Mais supposons pour un instant que Michaëlis et les historiens de l’art soient pleinement dans l’erreur; supposons que les Juifs aient été d’habiles architectes, supposons qu’une race si rapprochée du désert, et par conséquent nomade à son origine, puisse être placée sur la même ligne que des nations agricoles et sédentaires, et forcées par cette raison d’apprendre de bonne heure à bâtir : il ne faudrait pas pour cela méconnaître l’importance d’un fait capital pour l’intelligence de l’archéologie biblique, et sur lequel nous devons insister. C’est une terre cruellement bouleversée que cette terre de Judée ! On a dit éloquemment qu’elle avait été travaillée par les miracles; il faut ajouter, pour être vrai, qu’elle l’a été plus encore par les révolutions. La Judée était un vaste chemin ouvert aux conquérans de l’Egypte ou de l’Asie. Odieux aux autres peuples, les Juifs n’étaient entourés que d’ennemis. Leur histoire n’est qu’une alternative sanglante de victoires ou de défaites, entremêlées de longues périodes de servitude. Occupés sans cesse à se préserver du joug de l’étranger, ils succombèrent à la fin, et leur capitale perdit jusqu’à son nom. Jérusalem a été prise et saccagée dix-sept fois, un million d’hommes ont été tués autour de ses murailles. Les Juifs auraient construit autant et plus que les Romains, que d’aussi effroyables catastrophes expliqueraient l’impossibilité où l’on est de trouver des restes de l’architecture hébraïque.
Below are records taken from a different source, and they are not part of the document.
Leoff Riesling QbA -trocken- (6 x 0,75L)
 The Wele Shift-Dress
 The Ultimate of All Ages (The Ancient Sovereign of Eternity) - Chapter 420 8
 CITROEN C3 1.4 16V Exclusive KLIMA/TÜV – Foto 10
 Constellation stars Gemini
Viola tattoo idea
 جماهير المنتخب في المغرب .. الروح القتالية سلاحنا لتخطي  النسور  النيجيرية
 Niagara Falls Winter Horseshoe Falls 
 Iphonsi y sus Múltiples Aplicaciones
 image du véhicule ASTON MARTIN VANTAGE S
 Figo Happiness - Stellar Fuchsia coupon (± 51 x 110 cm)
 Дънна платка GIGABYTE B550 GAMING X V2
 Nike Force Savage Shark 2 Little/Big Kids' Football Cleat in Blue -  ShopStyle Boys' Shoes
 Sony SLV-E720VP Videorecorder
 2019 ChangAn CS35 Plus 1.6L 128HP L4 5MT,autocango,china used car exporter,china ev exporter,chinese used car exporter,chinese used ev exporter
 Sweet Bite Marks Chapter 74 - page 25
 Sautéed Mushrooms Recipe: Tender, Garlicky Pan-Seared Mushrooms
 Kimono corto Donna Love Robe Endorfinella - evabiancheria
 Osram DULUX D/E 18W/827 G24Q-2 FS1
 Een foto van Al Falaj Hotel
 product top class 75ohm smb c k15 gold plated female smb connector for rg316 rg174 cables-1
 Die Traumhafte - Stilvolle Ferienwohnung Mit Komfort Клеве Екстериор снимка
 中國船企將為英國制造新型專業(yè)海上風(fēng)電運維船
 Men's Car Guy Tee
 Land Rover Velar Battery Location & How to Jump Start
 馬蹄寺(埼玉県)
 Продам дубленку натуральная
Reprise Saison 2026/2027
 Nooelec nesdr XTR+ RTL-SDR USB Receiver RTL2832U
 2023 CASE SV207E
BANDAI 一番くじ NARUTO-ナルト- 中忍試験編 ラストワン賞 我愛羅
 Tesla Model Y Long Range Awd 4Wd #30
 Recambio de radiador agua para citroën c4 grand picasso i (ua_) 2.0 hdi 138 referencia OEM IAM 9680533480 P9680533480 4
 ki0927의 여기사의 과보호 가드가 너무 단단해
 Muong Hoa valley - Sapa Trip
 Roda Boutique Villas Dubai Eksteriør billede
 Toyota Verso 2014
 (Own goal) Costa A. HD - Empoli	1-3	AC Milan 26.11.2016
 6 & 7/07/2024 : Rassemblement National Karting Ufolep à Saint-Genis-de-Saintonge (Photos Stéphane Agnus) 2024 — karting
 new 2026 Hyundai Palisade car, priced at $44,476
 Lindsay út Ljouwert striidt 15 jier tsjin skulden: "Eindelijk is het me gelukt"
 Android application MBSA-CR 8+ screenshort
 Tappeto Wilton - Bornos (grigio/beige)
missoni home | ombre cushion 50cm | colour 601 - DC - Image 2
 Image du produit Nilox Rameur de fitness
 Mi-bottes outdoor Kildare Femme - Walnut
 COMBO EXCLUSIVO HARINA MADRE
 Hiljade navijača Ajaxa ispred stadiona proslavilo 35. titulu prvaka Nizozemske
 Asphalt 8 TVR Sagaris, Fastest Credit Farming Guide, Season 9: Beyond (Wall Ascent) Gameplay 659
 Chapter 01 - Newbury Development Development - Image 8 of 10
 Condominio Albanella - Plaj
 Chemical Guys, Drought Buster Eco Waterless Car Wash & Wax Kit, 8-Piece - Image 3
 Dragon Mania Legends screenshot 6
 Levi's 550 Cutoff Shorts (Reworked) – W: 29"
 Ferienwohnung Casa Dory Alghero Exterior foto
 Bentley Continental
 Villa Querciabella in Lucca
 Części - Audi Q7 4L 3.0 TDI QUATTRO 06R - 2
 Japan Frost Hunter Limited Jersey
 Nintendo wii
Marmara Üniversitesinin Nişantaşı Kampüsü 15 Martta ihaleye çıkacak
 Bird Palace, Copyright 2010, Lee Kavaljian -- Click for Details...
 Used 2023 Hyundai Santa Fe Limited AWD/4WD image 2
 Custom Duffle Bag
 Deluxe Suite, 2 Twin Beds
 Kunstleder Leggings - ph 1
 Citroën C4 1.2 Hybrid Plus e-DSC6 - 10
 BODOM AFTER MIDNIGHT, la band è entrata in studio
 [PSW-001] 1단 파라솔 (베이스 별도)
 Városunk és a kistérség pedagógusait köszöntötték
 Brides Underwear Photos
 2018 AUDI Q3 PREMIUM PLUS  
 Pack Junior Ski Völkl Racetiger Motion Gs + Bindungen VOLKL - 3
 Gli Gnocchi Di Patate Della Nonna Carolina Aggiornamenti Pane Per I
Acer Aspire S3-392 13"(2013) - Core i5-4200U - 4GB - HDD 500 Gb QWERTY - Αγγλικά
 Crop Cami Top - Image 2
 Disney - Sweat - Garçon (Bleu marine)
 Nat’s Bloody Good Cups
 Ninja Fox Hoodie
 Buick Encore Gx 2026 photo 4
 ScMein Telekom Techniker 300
Et quand il serait vrai que les guerres, le temps et la barbarie ne se seraient point conjurés pour disperser et anéantir tous les débris de la première

  1. Voyez Hirt, Geschichte der Baukunst. Ce savant commence le chapitre qu’il a cru devoir consacrer à l’architecture hébraïque et phénicienne par déclarer qu’il ne reste plus rien de cette architecture. « Tout ce qu’on peut conjecturer sur l’art hébraïque, dit Winer, c’est qu’il ne mérita jamais d’être considéré comme un art, puisqu’il ne dépassa point les limites d’un mécanisme grossier. » Voir Winer, Biblisches Real Wœrterbuch.